Research by Andrew Carter’s group, in the LMB’s Structural Studies Division, along with collaborators in Ahmet Yildiz’s group at the University of California, Berkeley, have found that two cargo adaptors, BICDR1 and HOOK3, bind to dynactin in different ways and recruit different numbers of dynein. The study shows how cargos of the molecular motor dynein can alter the motile properties of the motor complex: when two dyneins are recruited, both the velocity and force of the complex are increased compared to the single-dynein complex.
The study used a combination of cryo-electron microscopy and single molecule techniques. Dynein-dynactin-adaptor complexes were placed onto microtubules to investigate how they move. In these experiments two different dynein samples were used, labelled with different coloured fluorophores. Many moving complexes labelled with two colours were seen, showing that some complexes contained two dyneins. It could also be seen that two-dynein complexes moved faster than one-dynein complexes, and could still walk under higher loads.

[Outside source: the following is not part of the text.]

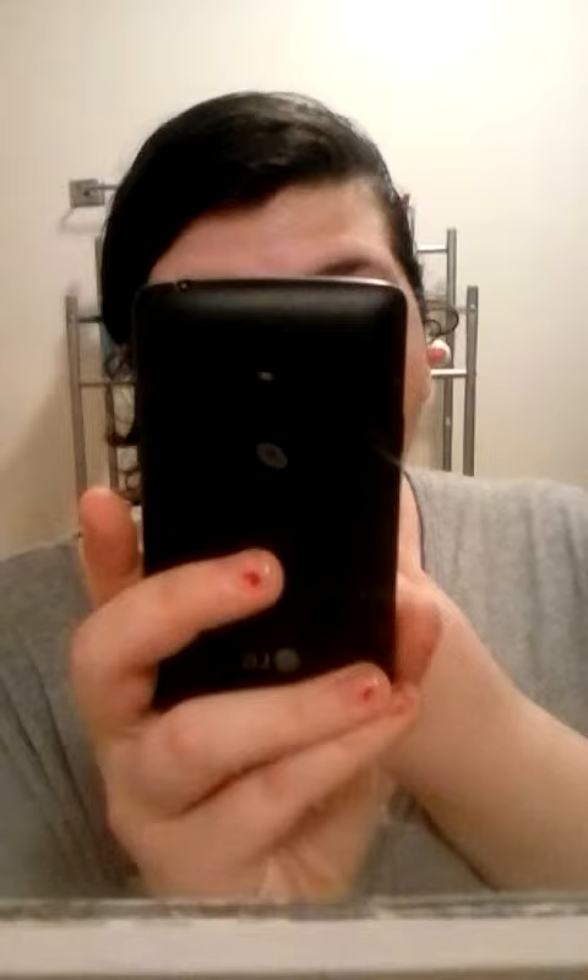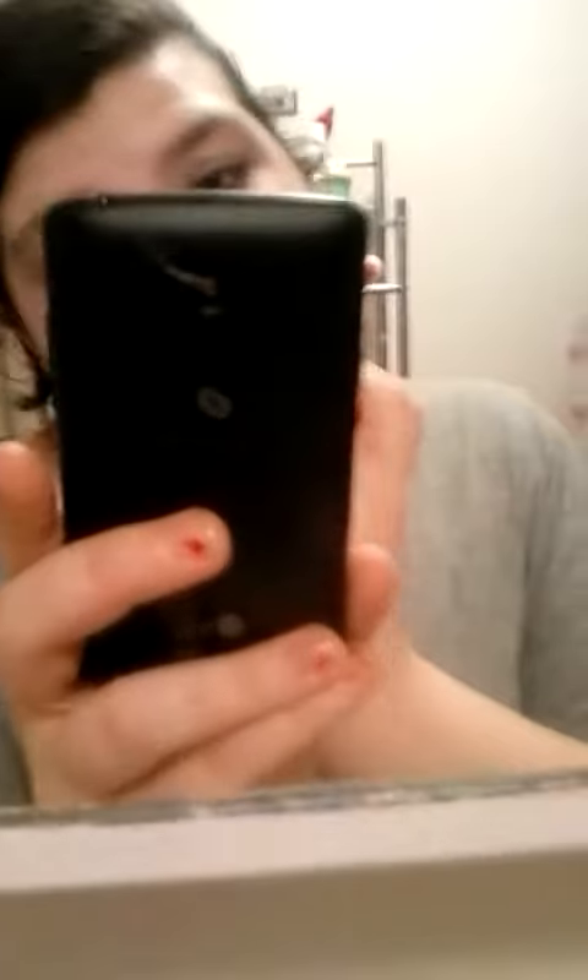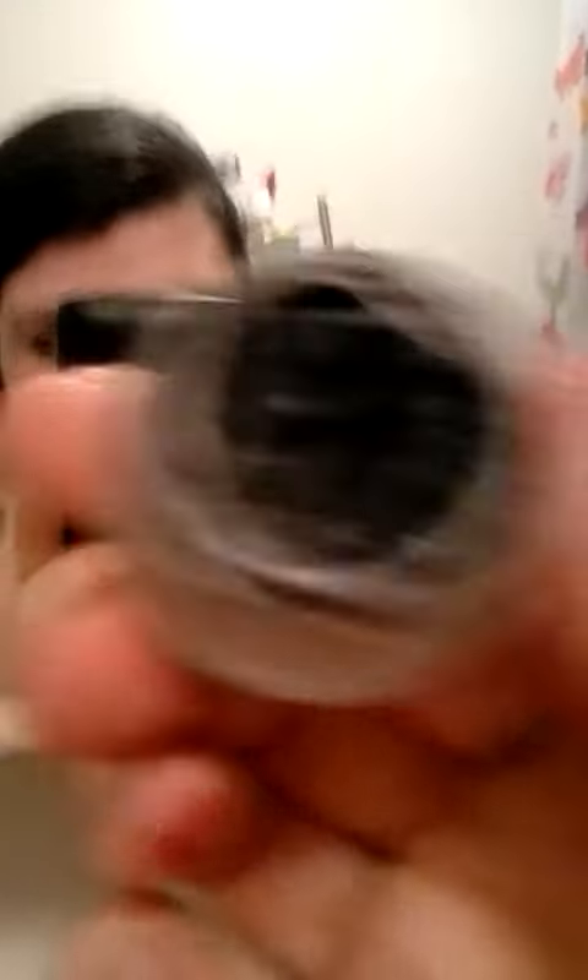I'm gonna get it really dark and then I'm gonna be using Splurge — it's upside down. This is amazing. Okay, your Splurge should look like this; I've used mine so it looks like that.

The discovery that different numbers of dyneins can be recruited by different cargo adaptors was unexpected. It suggests that different cargos could use different adaptors depending on their requirements for transport, for example, large cargos such as the mitochondria, need more force to pull them. One surprising aspect is that linking two motors together increases their overall speed – if you just tie two runners together, they won’t run any faster. It is thought that dynactin is a special natural scaffold, which arranges the two dyneins together in a way that allows them to coordinate with each other. Dynein alone steps sideways and backwards, as well as forwards. This arrangement of two dyneins could restrict the number of side steps and back steps, resulting in faster forward motion.
The use of cryo-electron microscopy also revealed, for the first time, the atomic structure of the flexible dynein tail domains, in complex with dynactin and a cargo adaptor. This shows how the two dynein tails are arranged on dynactin and why some adaptors recruit one dynein whereas others recruit two. This is a major advancement as dynein is generally a challenging protein to characterise, due to its flexibility. This high-resolution structural information may also help us to understand how mutations in the components of the dynein machinery lead to neurodegenerative diseases and developmental disorders.
The work was funded by the MRC, the Wellcome Trust, NIH and the NSF.